To get Chef Jamie Gwen's recipes, visit her website.
Serve this Italian-style coffee for breakfast, brunch, an after dinner drink or dessert.
1 scoop chocolate gelato or ice cream
1 to 2 shots freshly brewed espresso
Freshly whipped cream
Chocolate Shavings, for garnish
Toasted chopped hazelnuts, for garnish
Fill a small glass with a scoop of ice cream/gelato and pour the hot espresso over the ice cream. Garnish with a dollop of whipped cream, chocolate shavings and chopped hazelnuts.
CHOCOLATE MILK BREAD PUDDING
I love this simple bread pudding, so full of chocolate goodness!
8 cups Sweet Hawaiian Bread or Brioche, cut into 1-inch cubes
1/2 cup granulated sugar
1 cup chocolate milk
1/2 cup heavy whipping cream
3 whole eggs
1 teaspoon pure vanilla extract
1/2 teaspoon ground cinnamon
Pinch of salt
8 ounces bittersweet chocolate, broken into pieces
Place the bread cubes into an 8x8-inch baking dish; do not pack them in. Sporadically place the chocolate pieces in between the crevices of the top layer of bread.
In a mixing bowl, whisk together the sugar, cream, eggs, vanilla, cinnamon and salt. Pour the mixture over the bread and let stand for 15 minutes to allow the bread to soak up the custard. Preheat the oven to 375°F.
Bake for 35 to 40 minutes or until the bread pudding is golden and the custard is set. Remove from the oven and serve with the Praline sauce.

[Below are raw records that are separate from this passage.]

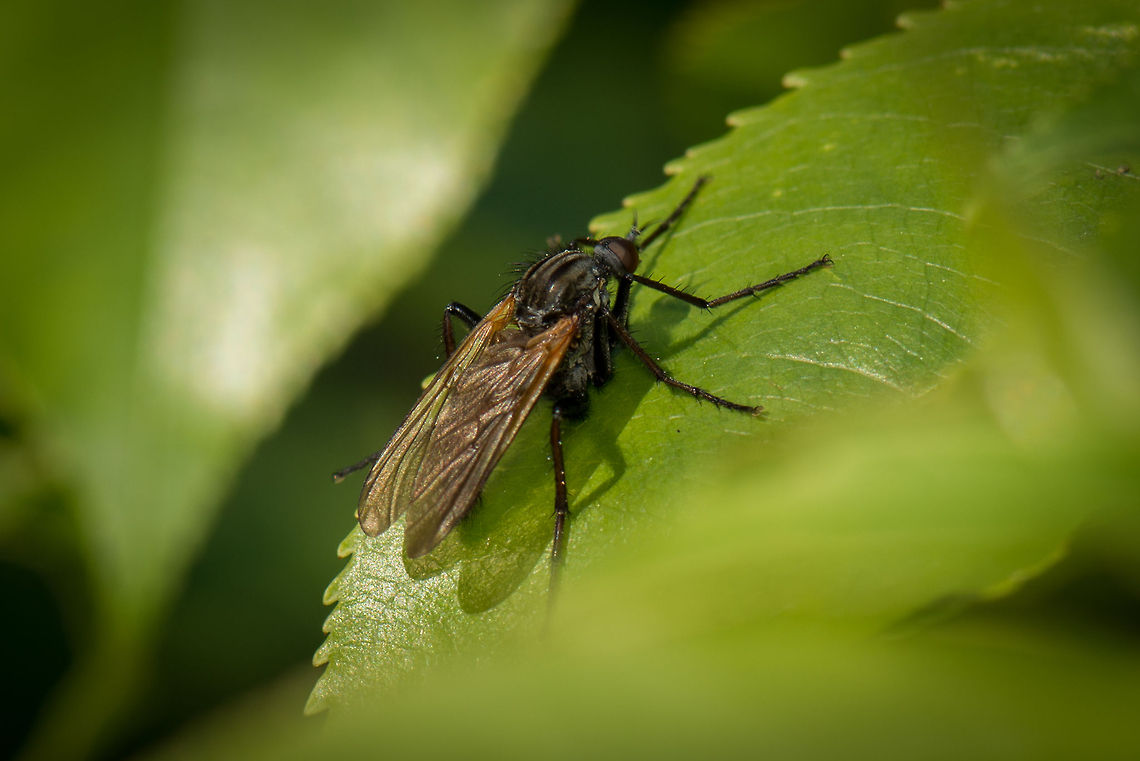 Unidentified winged insect, Heesch, the Netherlands  Empis tessellata,Europe,Heesch,Macro,Netherlands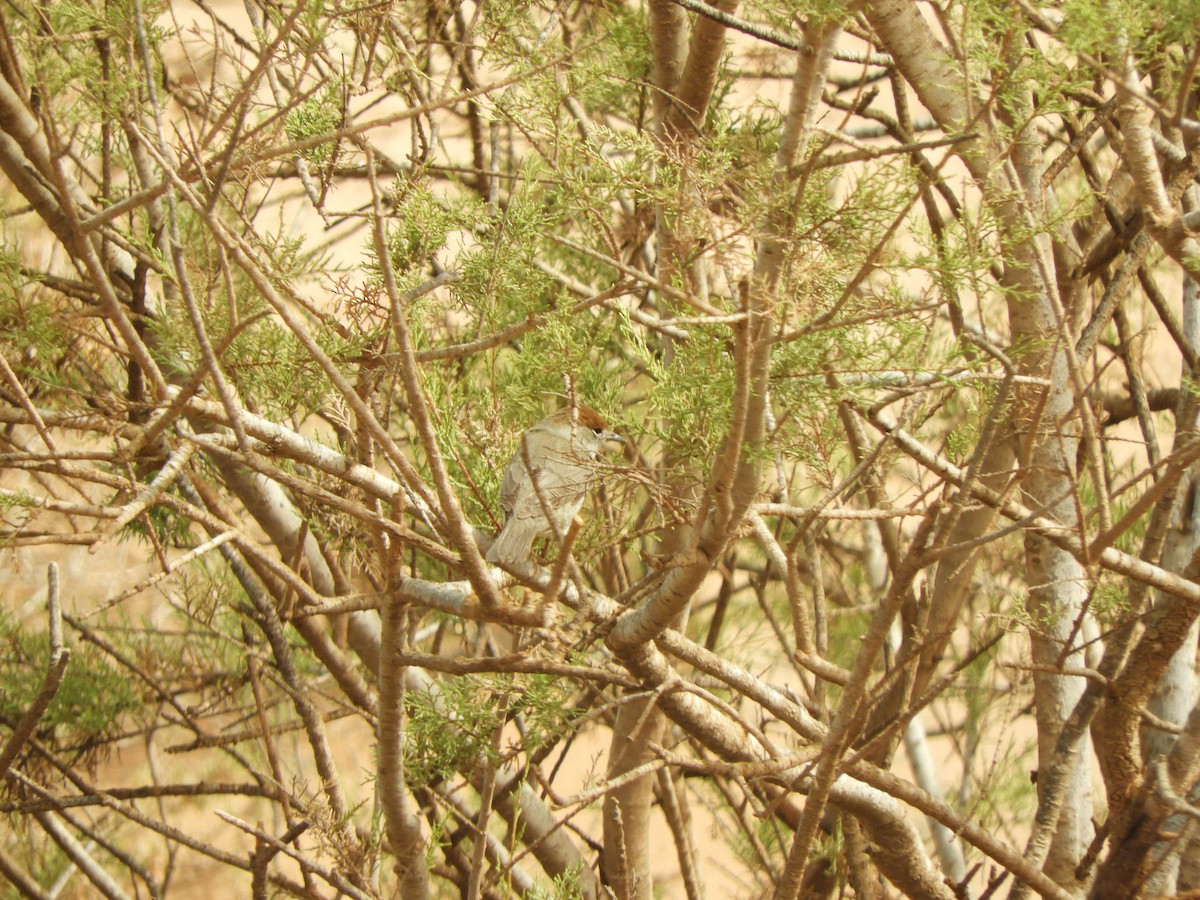 Mönchsgrasmücke - ML638892700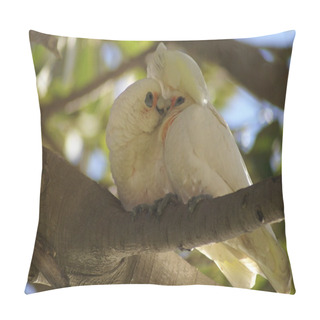Personality  Little Corella Couple In Courtship Pillow Covers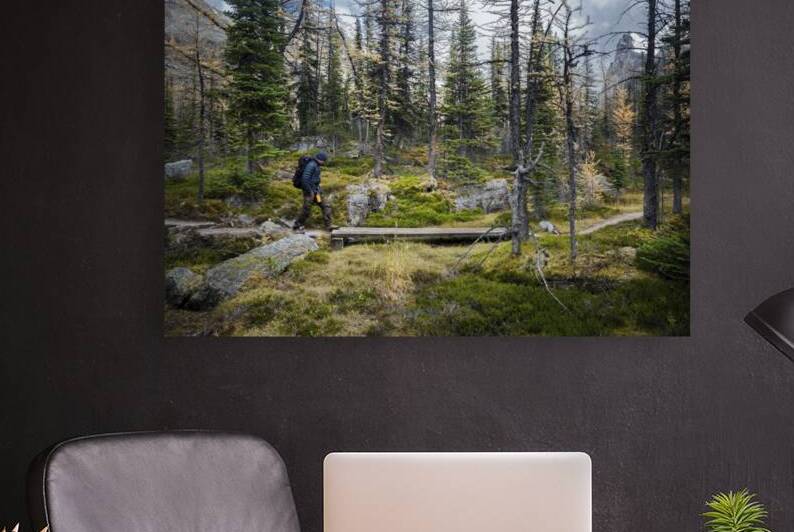 Forest and the trail Reproduction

DOUBLE CHOCOLATE PANCAKES with CHOCOLATE GANACHE & BERRIES
1 1/3 cups all-purpose flour
3 tablespoons unsweetened cocoa powder
2 teaspoons baking powder
1/4 cup granulated sugar
1/4 teaspoon salt
3 tablespoons unsalted butter, melted
1 teaspoon vanilla
1 1/4 cups whole milk
1/2 cup miniature semisweet chocolate chips
Fresh Berries, for garnish
Powdered sugar, for dusting
For the Chocolate Sauce:
3/4 cup heavy whipping cream
1 teaspoon unsalted butter
1 cup dark chocolate chips
In a medium bowl, whisk the dry ingredients together. Add the wet ingredients and whisk until combined. (The batter will be lumpy.) Stir in miniature chocolate morsels.
Heat a griddle over medium heat and lightly grease the surface with butter.

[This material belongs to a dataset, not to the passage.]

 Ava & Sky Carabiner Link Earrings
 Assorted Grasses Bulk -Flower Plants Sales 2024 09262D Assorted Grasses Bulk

Use a 1/4-cup measuring cup to scoop the batter onto the griddle. Cook until the pancakes have bubbles on the top, then flip them over and cook for an additional minute. Repeat with the remaining batter. Serve warm, topped with fresh berries and dusted with powdered sugar.
To make the chocolate sauce, heat the heavy cream and butter in a small saucepan until just boiling, stirring frequently. Remove from the heat and pour the mixture over the chocolate in a small bowl. Let rest for a minute, then stir until completely combined. Drizzle over pancakes.

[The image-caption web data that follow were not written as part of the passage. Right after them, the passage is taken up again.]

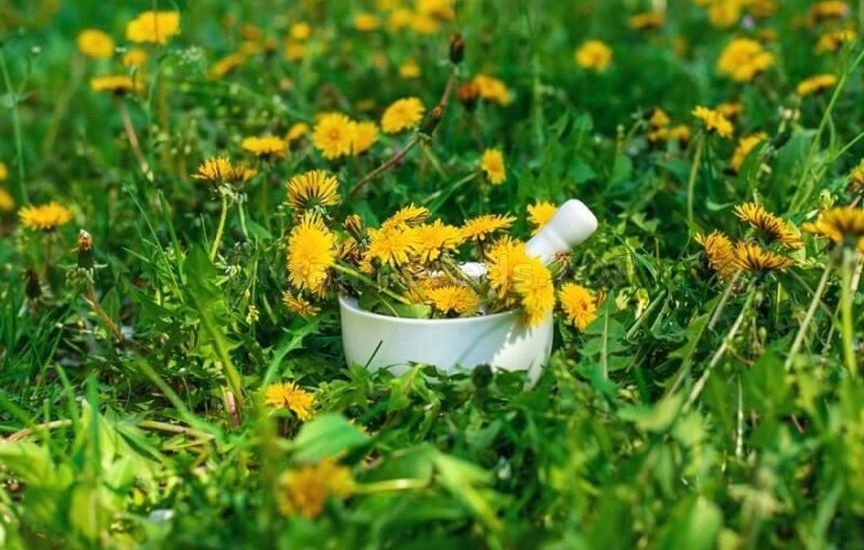 Homemade organic fertilizer: compost, infusions, and ash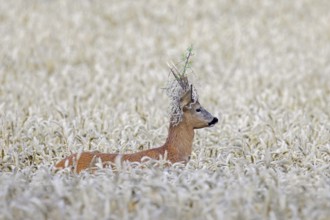 European roe deer (Capreolus capreolus) buck, male with twig stuck in its antlers during the rut in
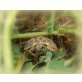 Griechische Landschildkröte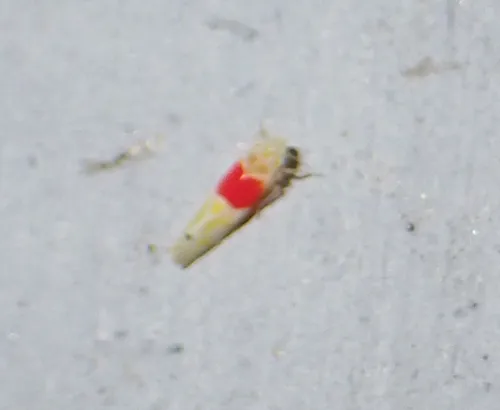 Eratoneura osborni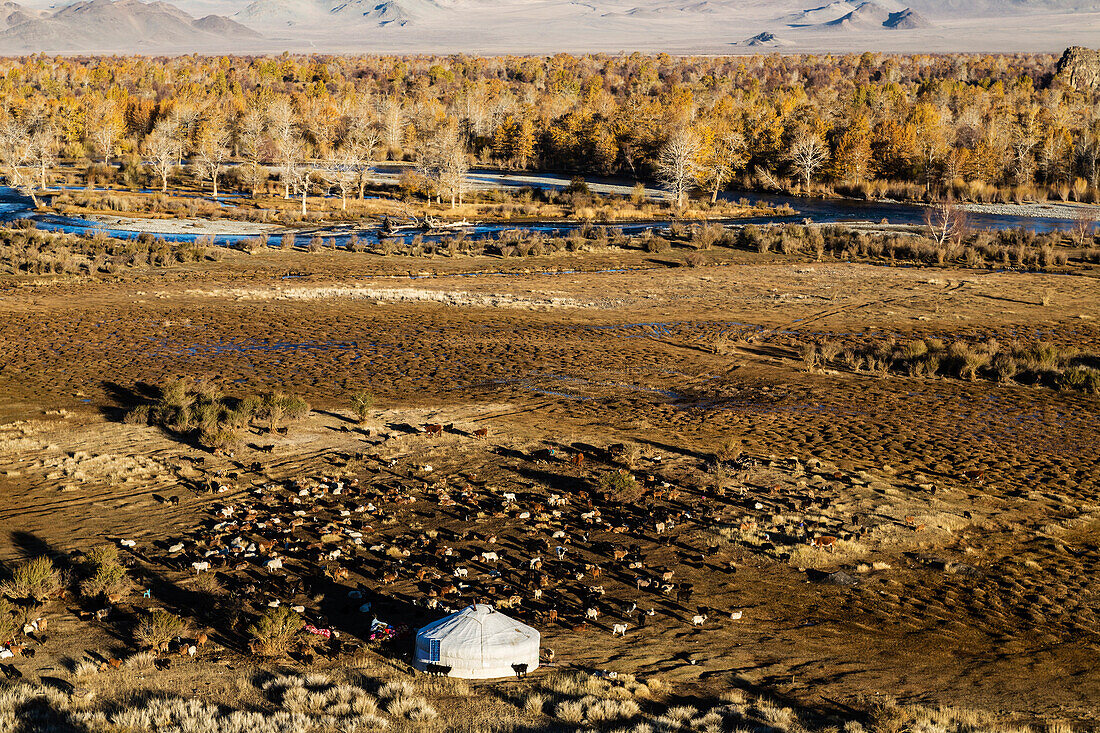 Aerial view of nomadic campsite in rocky remote landscape, Ulgii, Bayan Ulgii, Mongolia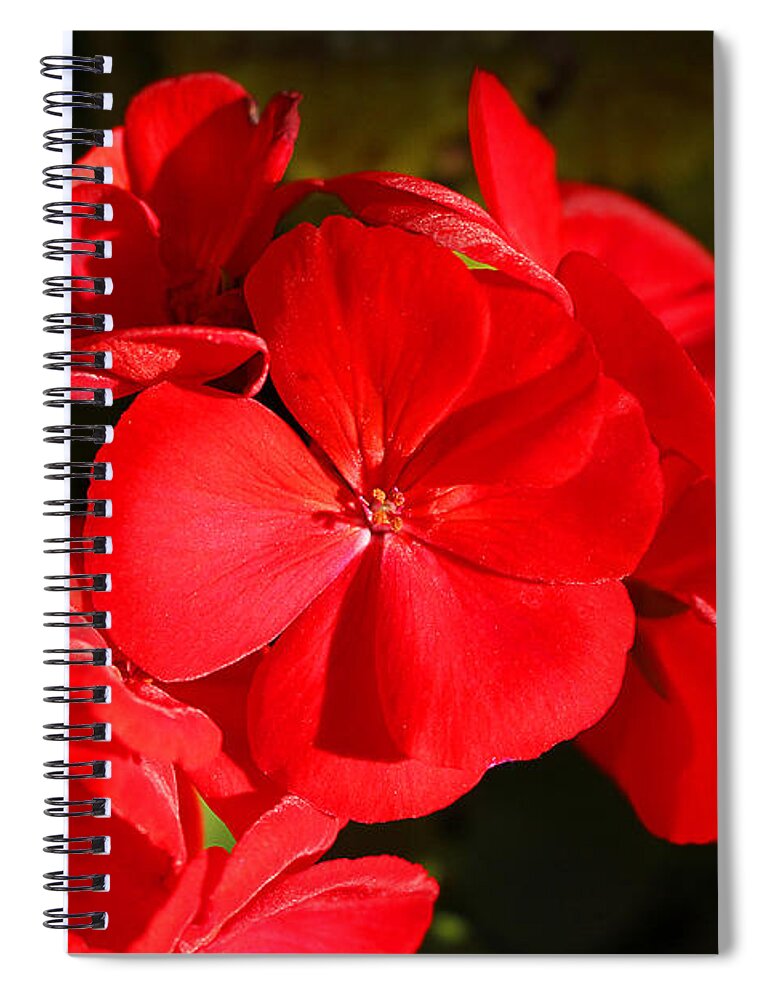 Red Spiral Notebook featuring the photograph Smiling Beauties by Milena Ilieva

CHOCOLATE MOUSSE in the FOOD PROCESSOR
14 ounces soft silken tofu
1/4 cup unsweetened cocoa powder
1/4 cup agave nectar
1 1/2 teaspoons pure vanilla extract
1/2 cup fresh raspberries
2 tablespoons chopped pistachios
Puree the tofu, cocoa, agave and vanilla in a food processor. Pour into serving dishes; top with berries and nuts and chill until firm.